Cash received from customers, either from the payment of invoices for work performed or for advances in excess of
costs incurred, is our primary source of cash. We generally do not begin work on contracts until funding is appropriated by
the customer. However, we may determine to fund customer programs ourselves pending government appropriations and are
doing so with increased frequency. If we incur costs in excess of funds obligated on the contract, we may be at risk for
reimbursement of the excess costs.
Billing timetables and payment terms on our contracts vary based on a number of factors, including the contract type.
We generally bill and collect cash more frequently under cost-reimbursable and time-and-materials contracts, which together
represent approximately half of the sales we recorded in 2015, as we are authorized to bill as the costs are incurred or work is
performed.
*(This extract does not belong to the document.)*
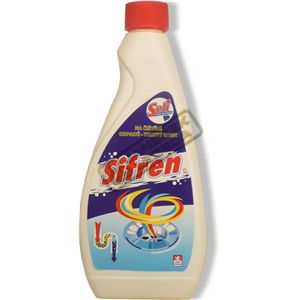 Sifren tekutý 540g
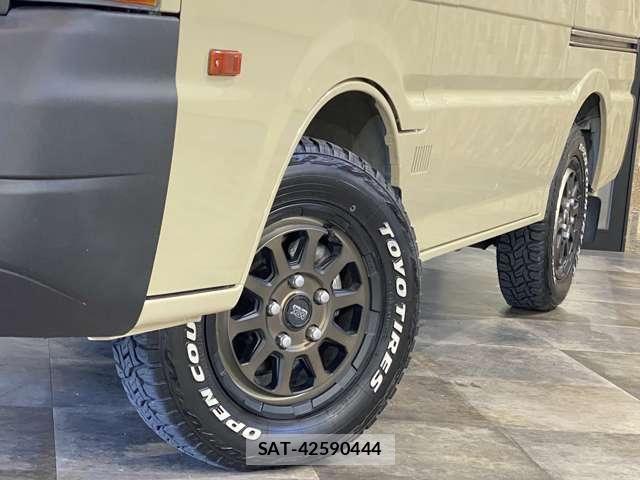 Nissan VANETTE VAN 2006-09 4758929-22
A number of our fixed-price contracts may provide for performance-based payments, which allow us to bill and
collect cash as we perform on the contract. The amount of performance-based payments and the related milestones are
encompassed in the negotiation of each contract. The timing of such payments may differ from our incurrence of costs
related to our contract performance, thereby affecting our cash flows.
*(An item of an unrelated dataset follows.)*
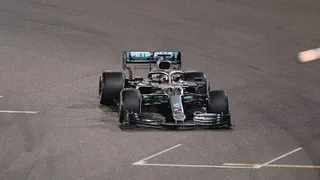 Las clasificaciones de la Fórmula 1 tras el Gran Premio de Abu Dhabi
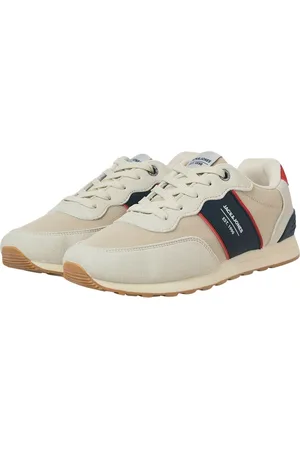 JACK & JONES Spirit Runner Sneakers Heren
The U.S. Government has indicated that it would consider progress payments as the baseline for negotiating payment
terms on fixed-price contracts, rather than performance-based payments. In contrast to negotiated performance-based
payment terms, progress payment provisions correspond to a percentage of the amount of costs incurred during the
performance of the contract. While the total amount of cash collected on a contract is the same, performance-based payments
have had a more favorable impact on the timing of our cash flows. In addition, our cash flows may be affected if the U.S.
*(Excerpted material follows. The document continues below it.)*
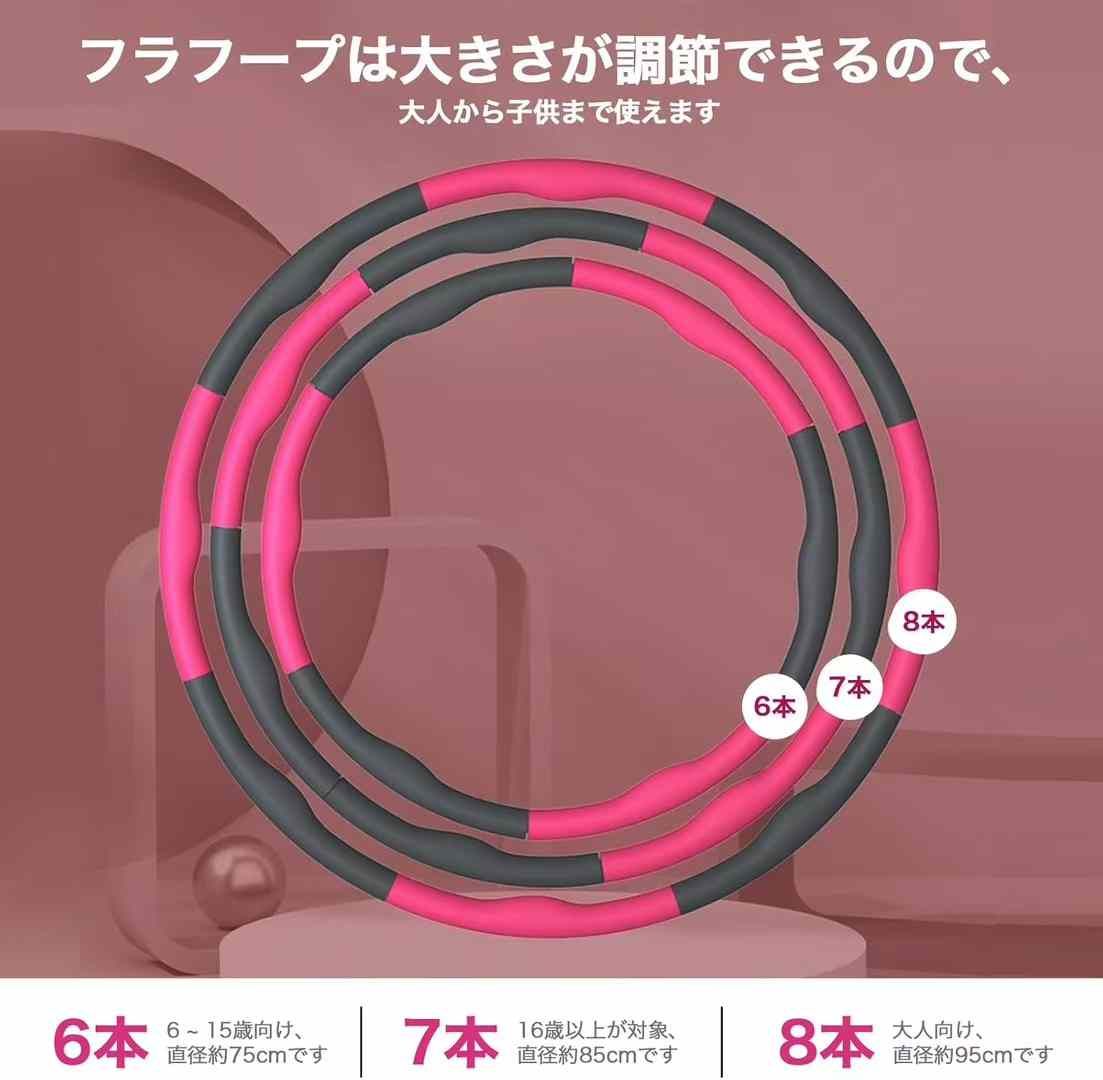 图片[3]-呼啦圈30元一个包邮-日本亚马逊论坛-海外推广-同舟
Government decides to withhold payments on our billings. While the impact of withholding payments delays the receipt of
cash, the cumulative amount of cash collected during the life of the contract will not vary.
The majority of our capital expenditures for 2015 and those planned for 2016 are for equipment, facilities infrastructure
and information technology. Expenditures for equipment and facilities infrastructure are generally incurred to support new
and existing programs across all of our business segments. For example, we have projects underway in our Aeronautics
business segment for facilities and equipment to support higher production of the F-35 combat aircraft. In addition, we have
projects underway to modernize certain of our facilities, inclusive of our efforts to consolidate and reduce leased facilities.
We also incur capital expenditures for information technology to support programs and general enterprise information
technology infrastructure, inclusive of costs for the development or purchase of internal-use software.